The cloud computing giant, which is headquartered in the tallest tower in San Francisco and is the city’s largest employer, had previously signed a deal in 2018 for additional office space in the new Transbay Tower development, an unbuilt tower about a block away.
The company planned to house 1,500 workers at the new tower, a portion of the 10,000 employees it has spread throughout its urban campus.
A spokesperson for Salesforce did not immediately respond to Insider’s request for comment.
The decision follows Salesforce’s announcement last month that it would adopt three new ways of working going forward. The new guidelines, which Salesforce is calling “Work From Anywhere,” offer employees options for how they’ll work in the future: flex, fully remote, and office-based.
Salesforce said most of its employees worldwide would have a flex schedule, which means they’ll report to the office between one and three days each week for tasks that are more challenging to do over video calls, such as team collaboration, customer meetings, and presentations.
The company has shared few details about what this will mean for its physical office spaces – in a blog post announcing the change, Brent Hyder, the president and chief people office of Salesforce, shared only that the offices would be redesigned as “community hubs” with collaboration and breakout spaces instead of rows of desks.

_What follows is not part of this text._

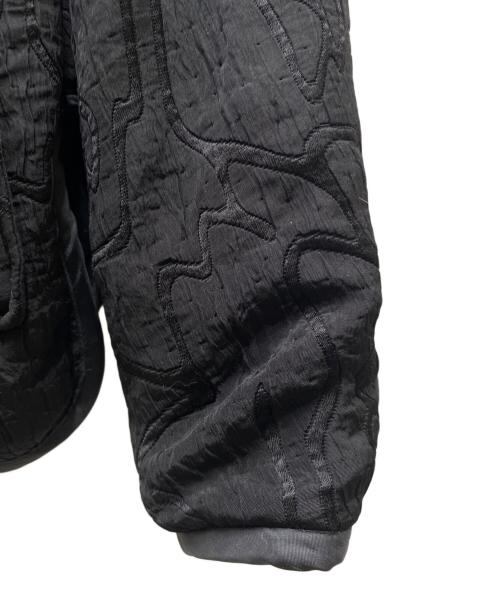 TODAYFUL（トゥデイフル）TODAYFUL (トゥデイフル) Jacquard Piping Blouson ブルゾン ブラック サイズ:38の古着・服飾アイテム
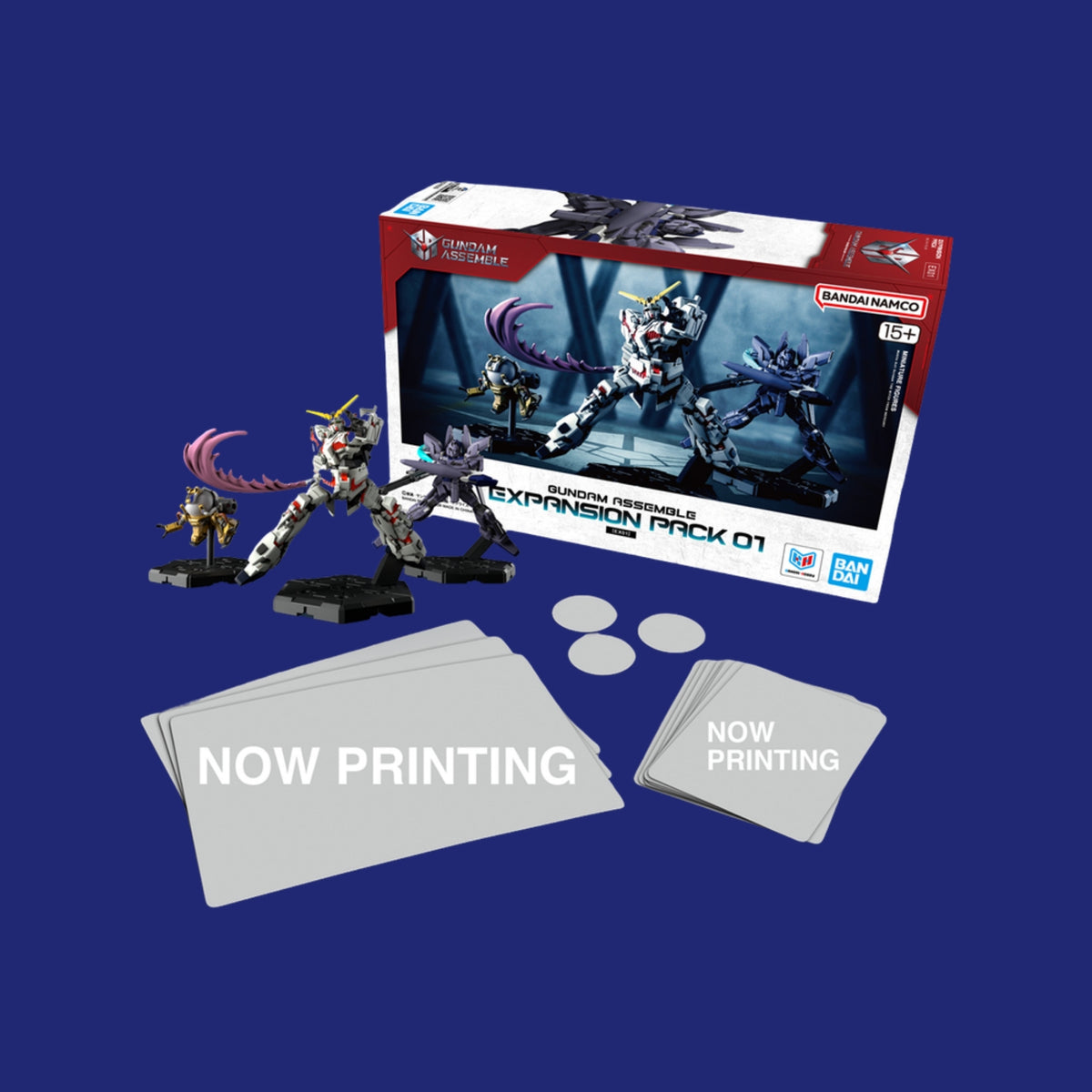 Gundam Assemble - Expansion Pack 01 en Anglais - 123JEUX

Salesforce’s decision follows two other major San Francisco-based tech companies scaling back their physical office space. In August, Pinterest scrapped plans to build a massive, 490,000-square-foot-office in San Francisco’s South of Market neighborhood, paying a $89.5 million fee to cancel the project. And in September, Twitter said it would sublease more than 100,000 square feet of space at its San Francisco headquarters after telling employees they could work from home forever.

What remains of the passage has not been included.